Posted in satisfaction by dave225 on September 10, 2008

I ran across this blog post yesterday about being a monk – or, like a good, capitalistic member of modern society – take a lesson from a monk. Good thoughts if you can make them work for you. One rule in particular struck me though:

Do less. A Zen monk doesn’t lead a lazy life: he wakes early and has a day filled with work. However, he doesn’t have an unending task list either — there are certain things he’s going to do today, and no more. If you do less, you can do those things more slowly, more completely and with more concentration. If you fill your day with tasks, you will be rushing from one thing to the next without stopping to think about what you do.

I combined this lesson with the way I run larger projects – I committed myself to working on specific tasks for a set period of time. When the time is up, it’s time for a new task. By first prioritizing what I really, really want to get done today, I can start by making a conscious decision about what I will not do today. So when someone asks me about anything that’s not on today’s list, I can respond with, “That is not my focus for today.” Also, by timeboxing (committing a defined duration to work on a task) I have to be sure to get the most out of that time period that I can. So if my goal for the hour is to draw a picture of my dog, I’m going to start with a rough sketch of a dog, and I’ll save the characterization of the fleas until later, if I get to that at all.

Well, I thought this would work out pretty well … But an hour into the day it fell apart. A meeting ran long. And when I returned to my desk, I found six messages waiting for me that a good portion of work from earlier in the week had somehow disappeared. Oh, how I hate a crisis! Side note: When my colleague came to my desk to alert me in person, before she could say anything, I said, “I want to read a quote to you.” The quote was something I had Tweeted earlier in the day:

“Today, I timebox everything. 1 hour to work on project definition. 1 hour to review documents, etc. No exceptions, no emergencies.”
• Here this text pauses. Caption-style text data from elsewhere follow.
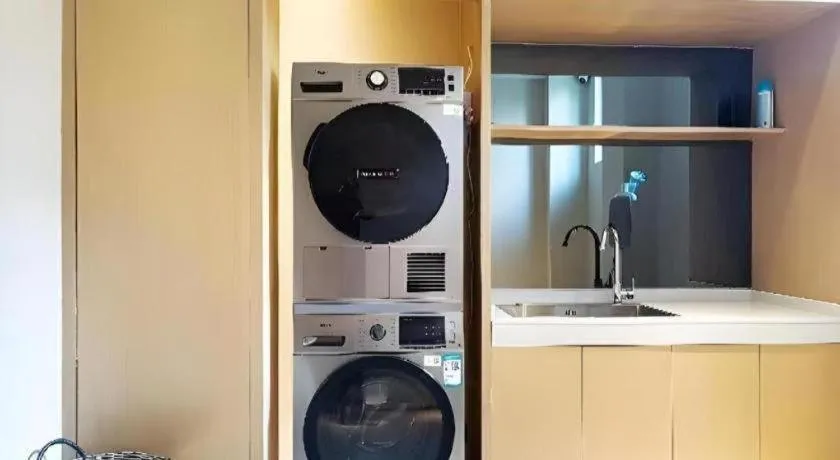 City Comfort Inn Jiujiang Gongqing Science and Technology College High-speed Railway Station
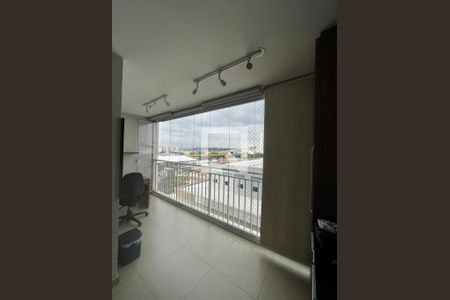 Foto 05 de apartamento à venda com 1 quarto, 36m² em Ipiranga, São Paulo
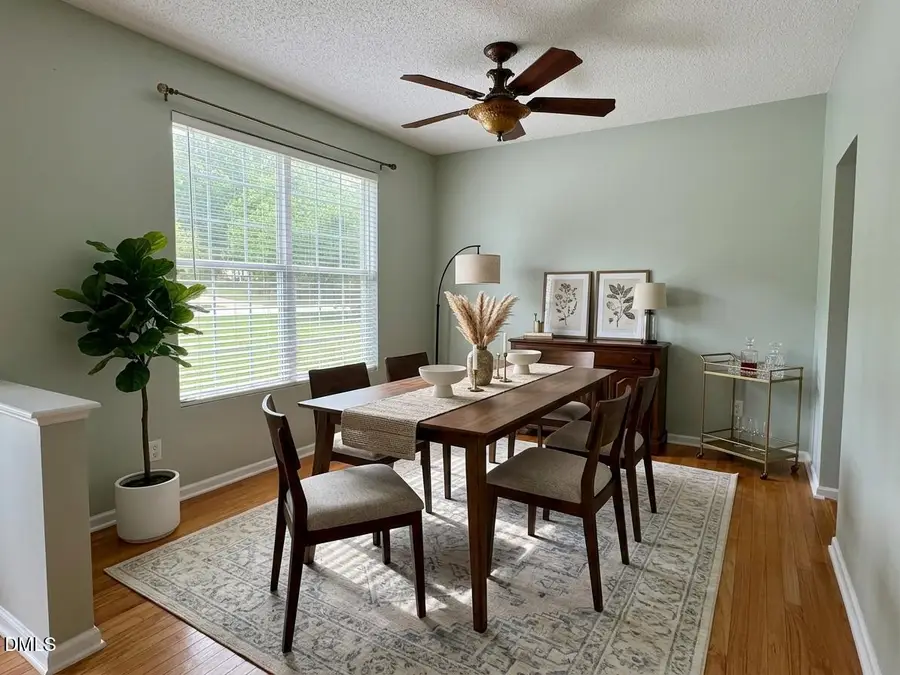 1224 Arbor Greene Drive, Garner, NC 27529 - #3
Then I said, “Sorry, but I already claimed dibs on my day. Can’t help ya.” We both laughed and then started to work on the issue. I was prepared to chuck the plan if I needed to – but I think it also helped both of us to start with some levity.
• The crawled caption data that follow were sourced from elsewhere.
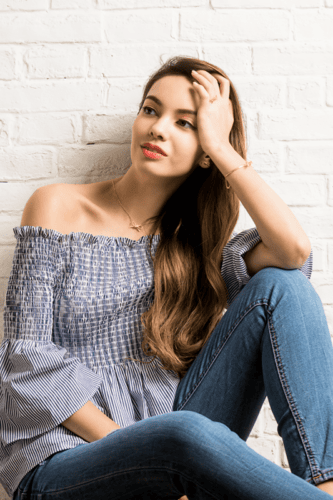 服裝攝影 Fashion Photography WPHOTO 01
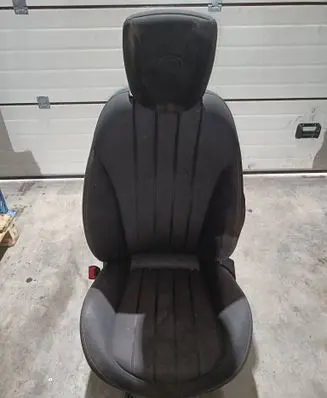 Lancia Delta III Front driver seat 51790311 824748694 51798676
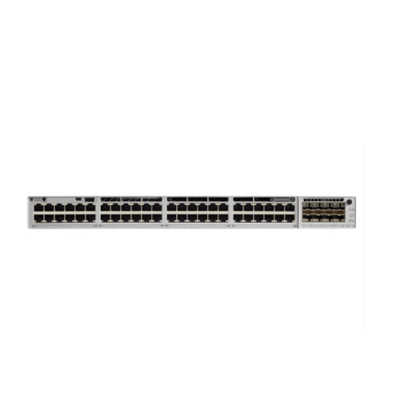 Catalizador 9300 de C9300-24 T-E Datacom Switches Cisco 24 esencial portuario de la red
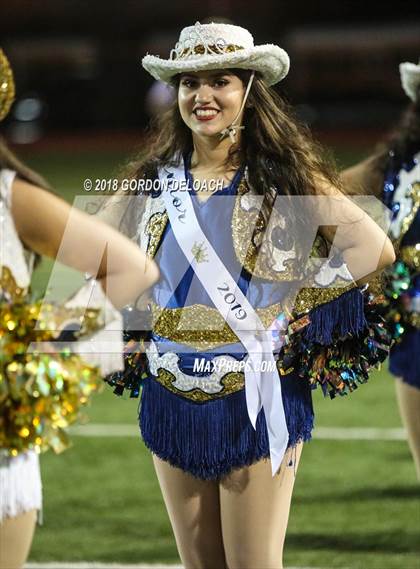 Thumbnail 2 in Bowie @ Lamar photogallery.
Then I went to lunch and wrote this post.

The afternoon may not end up being any better – the issue from the morning is still unresolved. But I have taken my timeboxes for today, reevaluated them, moved some to tomorrow and kept some for today. So I feel good about having a plan, even if that plan doesn’t work out.

“The plan is nothing. The planning is everything” – Churchill

And I know this method will not work when you have ten hours of work that MUST get done today and something else comes up. But if that happens regularly, back up and plan at the week level or the month level. (Build in some contingency time too, if you need to.) It’s either all going to get done or it’s not. So when it’s “not” – plan so that something gets done, rather than a whole lot of things that get almost done.